» INFORMATION PROVIDED:
..........

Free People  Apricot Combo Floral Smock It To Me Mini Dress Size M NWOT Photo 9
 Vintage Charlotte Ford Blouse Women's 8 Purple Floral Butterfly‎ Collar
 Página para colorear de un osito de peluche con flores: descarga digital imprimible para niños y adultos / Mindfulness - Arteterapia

..........

» EXERCISE BRIEF:
Repeat the listing above in full.

» RESULT FOR THIS EXERCISE:
Free People  Apricot Combo Floral Smock It To Me Mini Dress Size M NWOT Photo 9
 Vintage Charlotte Ford Blouse Women's 8 Purple Floral Butterfly‎ Collar
 Página para colorear de un osito de peluche con flores: descarga digital imprimible para niños y adultos / Mindfulness - Arteterapia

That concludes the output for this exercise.